The direction of the induced EMF in a straight current-carrying conductor is determined by Lenz's law, which states that the induced current will flow in a direction that opposes the change in magnetic flux that caused it. This means that the induced current will create a magnetic field that opposes the external magnetic field, and this can be used to determine the direction of the induced EMF.

3. What factors affect the magnitude of the induced EMF in a straight current-carrying conductor?

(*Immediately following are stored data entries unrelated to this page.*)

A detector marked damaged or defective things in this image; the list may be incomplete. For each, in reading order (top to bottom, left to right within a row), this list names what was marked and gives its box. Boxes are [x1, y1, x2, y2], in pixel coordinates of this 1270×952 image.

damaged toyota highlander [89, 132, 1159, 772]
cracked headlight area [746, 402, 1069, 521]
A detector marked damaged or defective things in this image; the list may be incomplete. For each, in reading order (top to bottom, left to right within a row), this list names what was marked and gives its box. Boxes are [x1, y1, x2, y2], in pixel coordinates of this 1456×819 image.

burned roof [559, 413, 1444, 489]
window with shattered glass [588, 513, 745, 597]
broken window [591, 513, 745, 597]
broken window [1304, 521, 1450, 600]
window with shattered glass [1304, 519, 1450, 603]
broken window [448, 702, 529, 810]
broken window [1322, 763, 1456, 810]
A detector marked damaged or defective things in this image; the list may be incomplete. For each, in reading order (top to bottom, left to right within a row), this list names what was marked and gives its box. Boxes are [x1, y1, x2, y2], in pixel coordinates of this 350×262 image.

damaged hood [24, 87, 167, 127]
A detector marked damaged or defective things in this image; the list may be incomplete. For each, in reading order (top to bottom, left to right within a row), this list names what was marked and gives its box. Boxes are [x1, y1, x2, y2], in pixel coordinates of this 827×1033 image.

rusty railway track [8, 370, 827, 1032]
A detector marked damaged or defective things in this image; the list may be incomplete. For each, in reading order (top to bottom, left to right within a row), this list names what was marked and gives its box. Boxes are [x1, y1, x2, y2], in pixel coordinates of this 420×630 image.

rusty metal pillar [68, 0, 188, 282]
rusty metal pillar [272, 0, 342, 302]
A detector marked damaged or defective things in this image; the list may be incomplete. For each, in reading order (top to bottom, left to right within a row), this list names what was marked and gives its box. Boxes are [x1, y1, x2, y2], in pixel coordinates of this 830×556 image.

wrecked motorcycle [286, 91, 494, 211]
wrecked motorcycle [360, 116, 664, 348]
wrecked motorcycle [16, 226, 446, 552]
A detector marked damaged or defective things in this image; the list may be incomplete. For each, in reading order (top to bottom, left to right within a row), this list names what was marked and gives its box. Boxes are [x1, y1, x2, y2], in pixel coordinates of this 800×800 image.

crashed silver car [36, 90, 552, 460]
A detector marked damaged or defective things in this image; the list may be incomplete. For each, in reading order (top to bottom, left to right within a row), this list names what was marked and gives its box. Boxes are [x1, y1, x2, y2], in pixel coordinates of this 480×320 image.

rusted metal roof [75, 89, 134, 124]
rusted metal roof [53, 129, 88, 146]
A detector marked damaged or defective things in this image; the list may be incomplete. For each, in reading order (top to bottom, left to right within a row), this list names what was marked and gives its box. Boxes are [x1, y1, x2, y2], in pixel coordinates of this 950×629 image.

The magnitude of the induced EMF in a straight current-carrying conductor is affected by several factors, including the strength of the external magnetic field, the rate of change of the magnetic field, and the length and orientation of the conductor. Additionally, the material and resistance of the conductor can also impact the magnitude of the induced EMF.

4. Can the induced EMF in a straight current-carrying conductor be increased?

Yes, the induced EMF in a straight current-carrying conductor can be increased by increasing the strength or rate of change of the external magnetic field, or by changing the orientation of the conductor. Additionally, using a material with lower resistance or increasing the length of the conductor can also increase the induced EMF.

5. What are some practical applications of the concept of EMF induction in straight current-carrying conductors?

The concept of EMF induction in straight current-carrying conductors has many practical applications, including power generation in electric generators, transformers, and induction motors. It is also used in devices such as metal detectors, magnetic levitation trains, and induction cooktops. Additionally, EMF induction is used in wireless charging technology and in various medical devices such as MRI machines.